> **Exercise instructions**
The reply needs the lines from the one containing "Foto 27 van Kanaalstraat 3" through the end of the material, each repeated exactly, and no pictures.

> **Data to use**
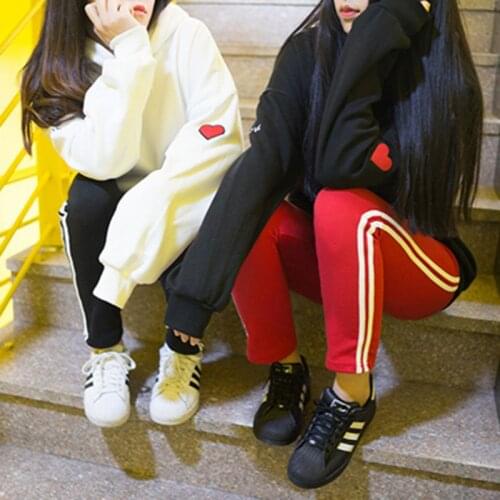 Женские зимние куртки Aolikes China At AliExpress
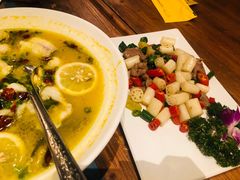 -香榭里音乐酒吧(丰美店)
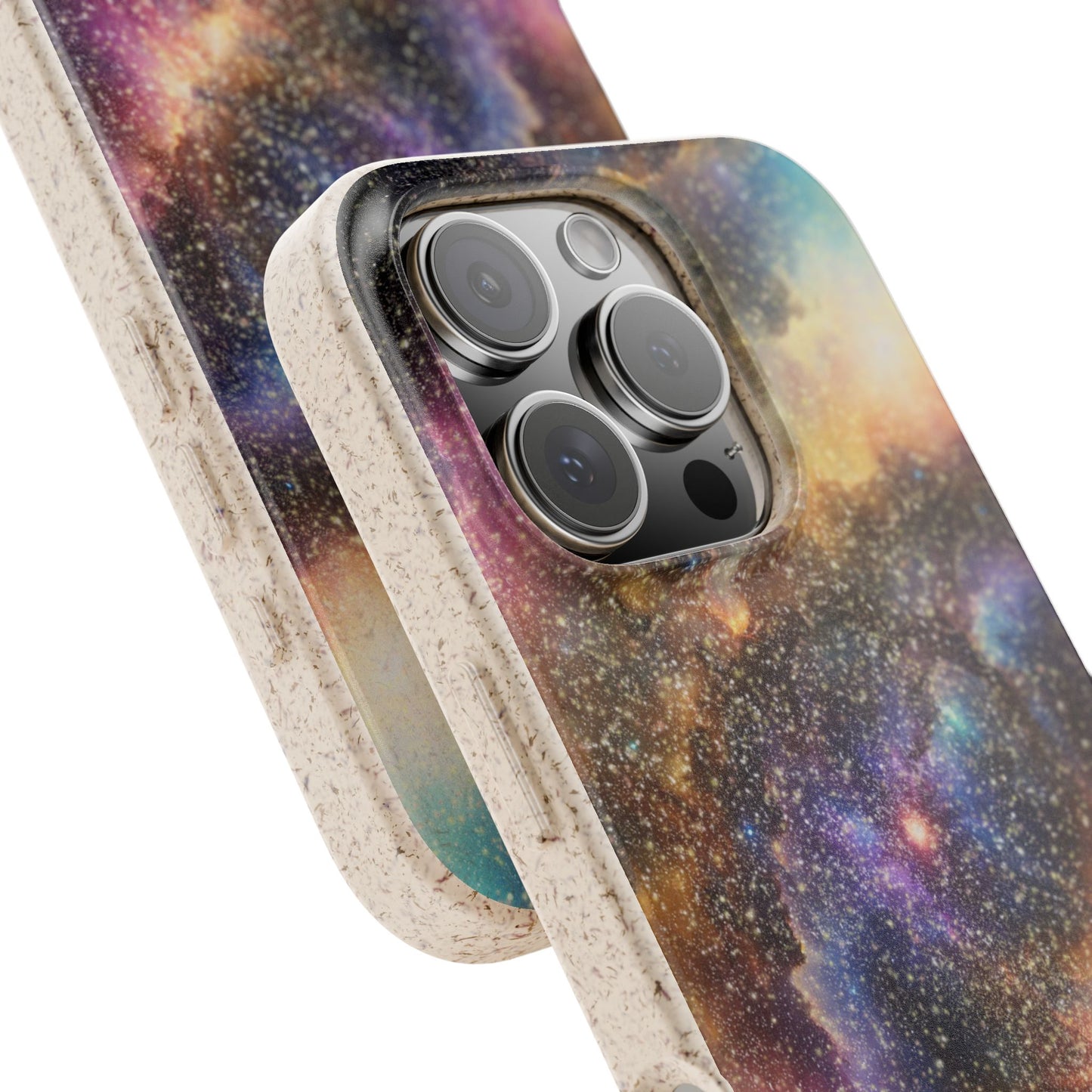 Phone Case - Universe 14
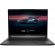 MSI Stealth A16 AI+ Mercedes-AMG Motorsport A3XWGG изображение 2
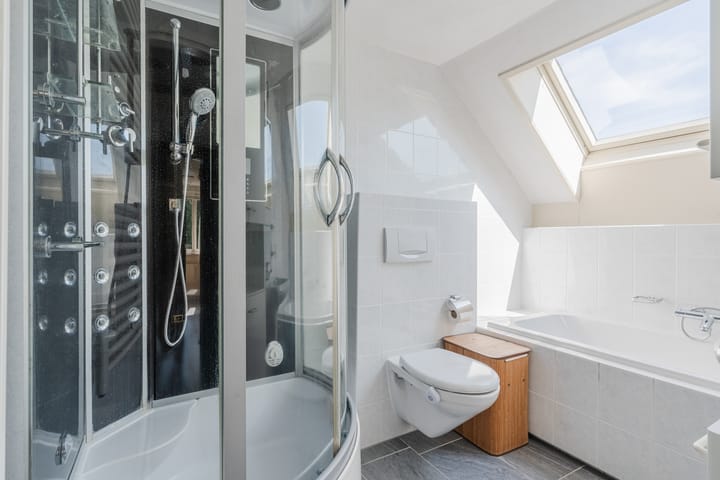 Foto 27 van Kanaalstraat 3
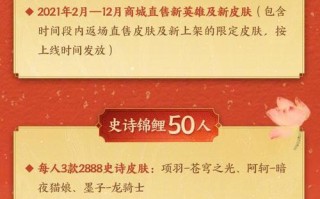 梦奇宗师苍穹出装攻略（成为最强的宗师苍穹出装秘籍）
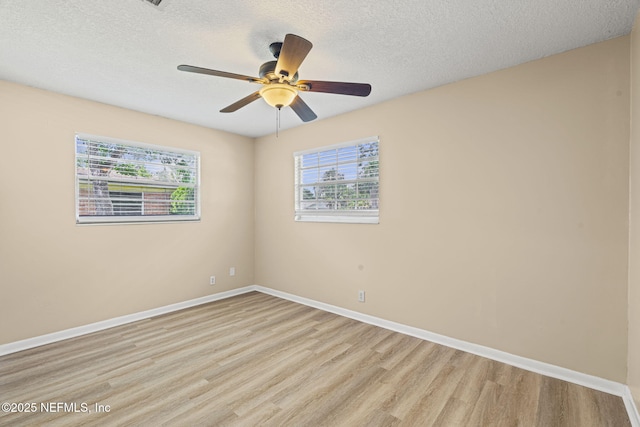 1683 Pecan Ct, Orange Park, FL 32073 - photo 18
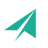Website icon for fatturaelettronica-app.it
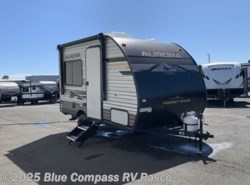 New 2026 Forest River Aurora Light 13RDX available in Pasco, Washington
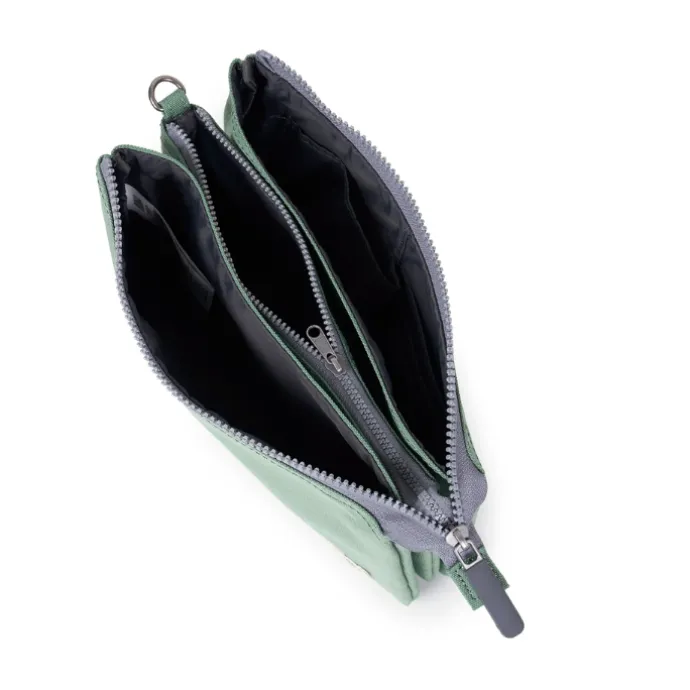 ROKA Carnaby XL Frost
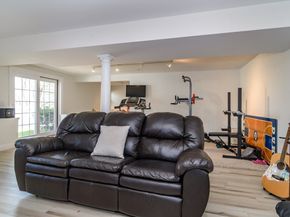 7 Westview Ave 7, Natick MA 01760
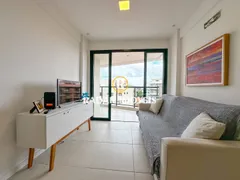 Apartamento com 2 Quartos à venda, 120m² no Centro, Cabo Frio - Foto 5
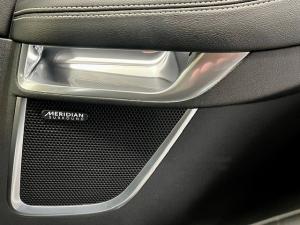 Jaguar E-Pace D200 AWD R-Dynamic SE - Image 13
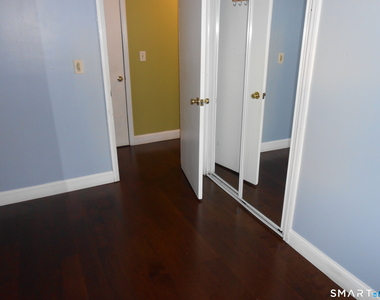 131 Infield Street - Photo Thumbnail 10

> **Answer area**
 Foto 27 van Kanaalstraat 3
 梦奇宗师苍穹出装攻略（成为最强的宗师苍穹出装秘籍）
 1683 Pecan Ct, Orange Park, FL 32073 - photo 18
Website icon for fatturaelettronica-app.it
 New 2026 Forest River Aurora Light 13RDX available in Pasco, Washington
 ROKA Carnaby XL Frost
 7 Westview Ave 7, Natick MA 01760
 Apartamento com 2 Quartos à venda, 120m² no Centro, Cabo Frio - Foto 5
 Jaguar E-Pace D200 AWD R-Dynamic SE - Image 13
 131 Infield Street - Photo Thumbnail 10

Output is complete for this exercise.